**EXERCISE GOAL**
Repeat the entire listing exactly. Omit all pictures.

**STORED DATA**

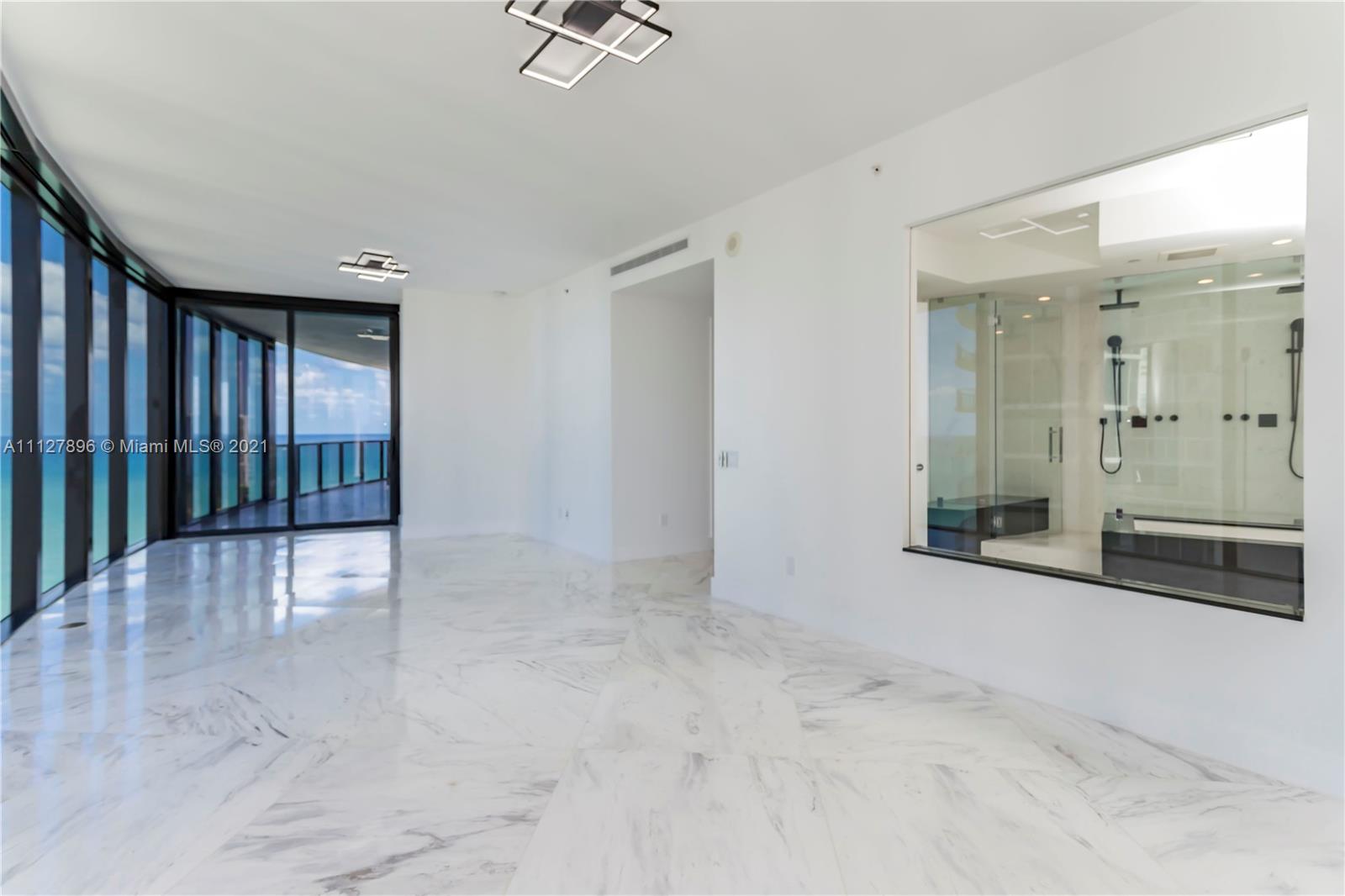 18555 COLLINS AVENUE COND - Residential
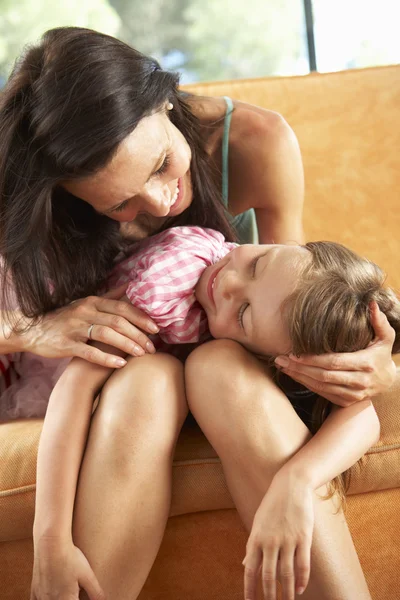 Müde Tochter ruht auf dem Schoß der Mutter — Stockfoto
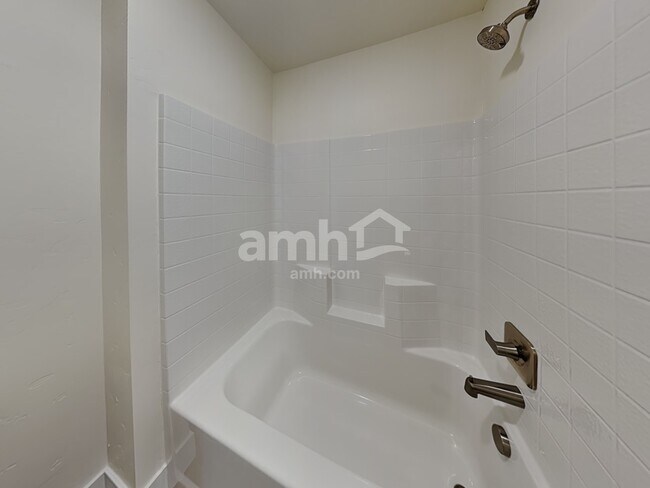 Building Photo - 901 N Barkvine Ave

**SOLUTION TO THIS PROBLEM**
 18555 COLLINS AVENUE COND - Residential
 Müde Tochter ruht auf dem Schoß der Mutter — Stockfoto
 Building Photo - 901 N Barkvine Ave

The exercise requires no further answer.